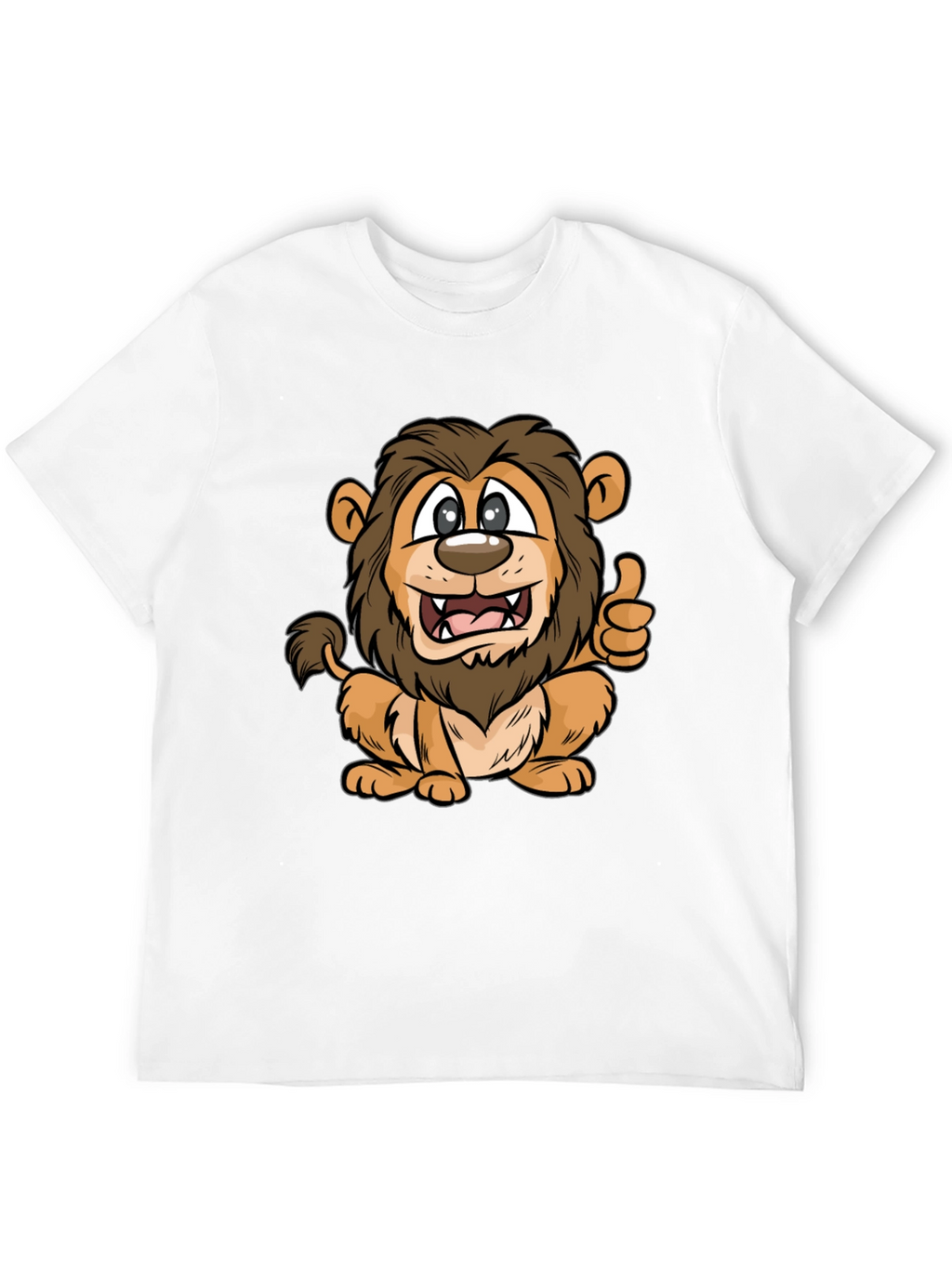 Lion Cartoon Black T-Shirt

+++

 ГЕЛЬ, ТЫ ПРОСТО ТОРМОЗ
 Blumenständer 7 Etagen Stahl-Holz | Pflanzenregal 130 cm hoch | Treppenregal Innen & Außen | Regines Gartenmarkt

+++

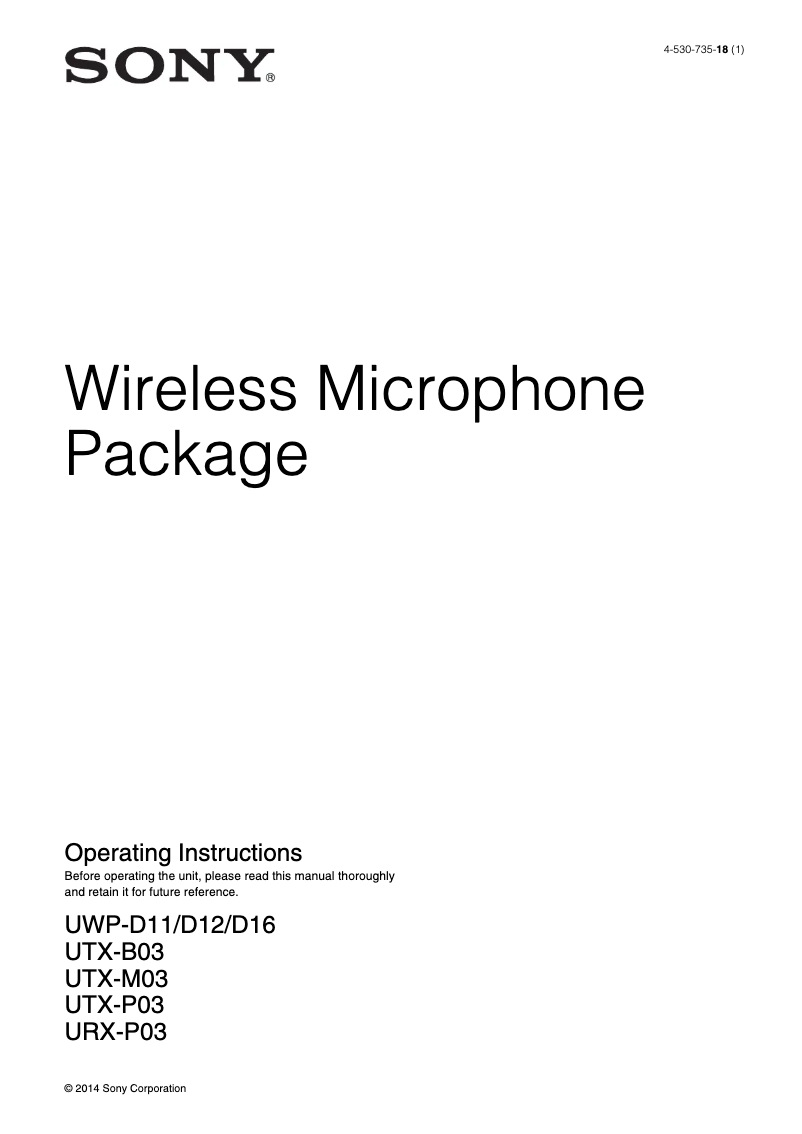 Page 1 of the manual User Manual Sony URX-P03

+++

__Exercise objective__:
Beginning with the line containing "ГЕЛЬ, ТЫ ПРОСТО ТОРМОЗ" and ending with the line containing "Blumenständer 7 Etagen", extract those lines exactly from the listing above, and only those.

__Answer below__:
 ГЕЛЬ, ТЫ ПРОСТО ТОРМОЗ
 Blumenständer 7 Etagen Stahl-Holz | Pflanzenregal 130 cm hoch | Treppenregal Innen & Außen | Regines Gartenmarkt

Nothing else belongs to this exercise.